» WHAT IS REQUIRED
The response should consist of every line below, unchanged.

(Saved data entries)
——————

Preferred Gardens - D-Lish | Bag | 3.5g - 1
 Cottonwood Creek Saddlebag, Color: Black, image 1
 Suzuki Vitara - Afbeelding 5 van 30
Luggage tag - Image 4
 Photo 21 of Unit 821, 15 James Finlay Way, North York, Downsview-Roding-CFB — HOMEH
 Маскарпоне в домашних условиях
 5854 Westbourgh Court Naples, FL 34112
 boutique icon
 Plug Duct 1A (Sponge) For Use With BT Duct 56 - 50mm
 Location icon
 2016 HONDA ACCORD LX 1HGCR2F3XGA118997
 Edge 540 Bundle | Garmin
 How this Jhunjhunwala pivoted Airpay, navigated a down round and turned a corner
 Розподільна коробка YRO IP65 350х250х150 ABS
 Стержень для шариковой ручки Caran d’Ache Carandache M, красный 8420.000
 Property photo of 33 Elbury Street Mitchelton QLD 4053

——————

» EXERCISE OUTPUT
Preferred Gardens - D-Lish | Bag | 3.5g - 1
 Cottonwood Creek Saddlebag, Color: Black, image 1
 Suzuki Vitara - Afbeelding 5 van 30
Luggage tag - Image 4
 Photo 21 of Unit 821, 15 James Finlay Way, North York, Downsview-Roding-CFB — HOMEH
 Маскарпоне в домашних условиях
 5854 Westbourgh Court Naples, FL 34112
 boutique icon
 Plug Duct 1A (Sponge) For Use With BT Duct 56 - 50mm
 Location icon
 2016 HONDA ACCORD LX 1HGCR2F3XGA118997
 Edge 540 Bundle | Garmin
 How this Jhunjhunwala pivoted Airpay, navigated a down round and turned a corner
 Розподільна коробка YRO IP65 350х250х150 ABS
 Стержень для шариковой ручки Caran d’Ache Carandache M, красный 8420.000
 Property photo of 33 Elbury Street Mitchelton QLD 4053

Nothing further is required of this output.